Friday, November 09, 2007

Chlorine

Last night while hanging up Harrison’s swim trunks from his lesson earlier in the evening, I caught a whiff of the chlorine emanating from the damp suit. I leaned in for a stronger sniff. I love that smell. It conjures nostalgia and relief at the same time.

I spent nearly every day of thirteen years - from age 10 to 23 - inhaling that scent. Too often, twice a day. They say the sense of smell brings up the strongest memories. It's true. Every time there’s chlorine in the air I’m back inside my two suits (one for drag, one to hold everything in), swimming miles in the training pool or stepping up to the blocks for a race. 10,000 hours condensed into one little smell.

One of the first memories that always emerges is morning practice at an outdoor pool in Simi Valley, CA. At 5am we’d walk out of the locker room and onto the cold cement deck, the sun still under the horizon. My teammates and I would stand along the edge of the pool and stare out into the fifty meters of water that was covered in shiny black beetles.

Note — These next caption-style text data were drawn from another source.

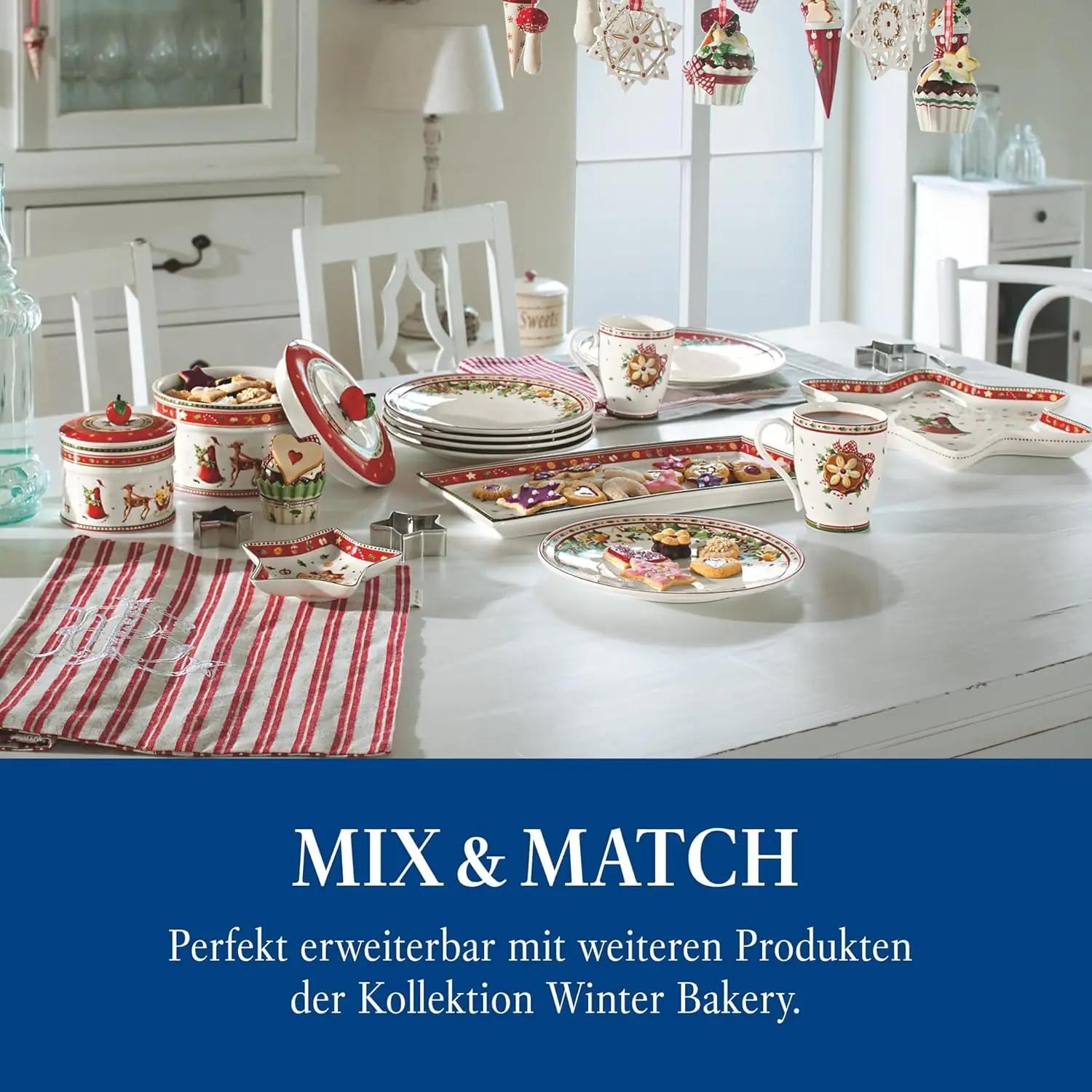 Villeroy & Boch portselanist piparkoogikarbi praktiline kingiidee – lisavaade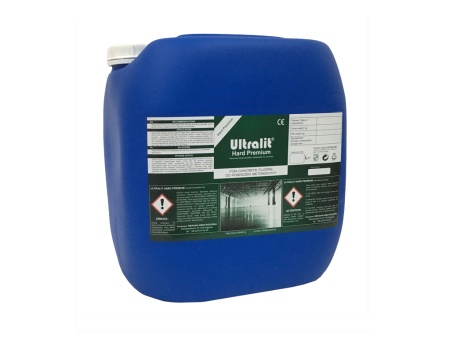 упрочнитель для бетона на литиевой основе ultralit hard premium (30 л)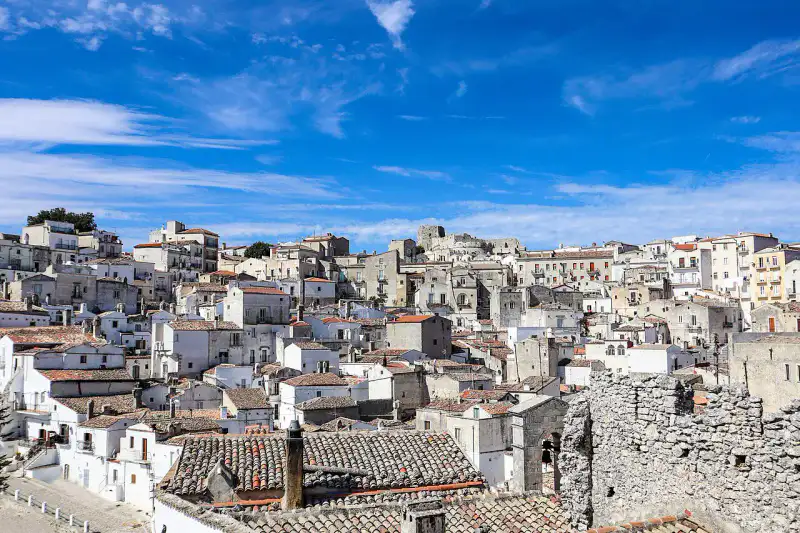 Monte Sant'Angelo - Gargano et Vieste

Someone would have to dive into the frigid water first, cracking the surface of bugs as if it were dirty ice. I’m fairly certain I was never that person. Maybe once to impress a boy. Over the course of our twenty-minute warm-up, we would only part our lips ever so slightly to breath so as not to let anything inside. The critters would eventually disappear until the next morning.

Another memory is that of boys in speedos. Back then being thisclose to so many was as natural as showering by yourself. But thinking about it now feels a little obscene. I used to be so immodest. What happened.

But the memory taking up the most space is one of the endless back and forth. Back and forth. Back and forth. A typical day included 10,000 yards of swimming, divided by the usual 25 yard pool, so 400 laps per day, times 5 days per week (I’m not including Saturday morning practice for averages sake), times 52 weeks per year = 104,000 laps per year. You can’t talk while you’re swimming, you can’t look at the view. There’s just you inside your little head and the black line on the bottom of the pool and the constant sloshing around your ears. It’s a wonder not more swimmers are insane. Maybe they are.

I can’t say I’m super fond of that memory, but if I think about it enough, it serves me well in my current life. Being jolted awake at 6am, relentlessly every morning, is still better than waking up at 4am with the dread of two grueling workouts still ahead. Instead of cold water, I get hot coffee. Instead of an unforgiving swimsuit, I get jeans and a hoodie. Instead of goggle eyes - red and burning with a used-up shade of black below, I get glamour eyes - shimmery pink with a fresh coat of concealer below.

I wouldn’t give up the experience of course. It instilled tough discipline, paid for college and gave me terrific friends. But I wouldn’t do it again, that’s for sure. As for my own kids, of course we'll be encouraging some sport that requires more energy and endurance than even they have. Because they'll never truly realize how hard they've worked until it's over.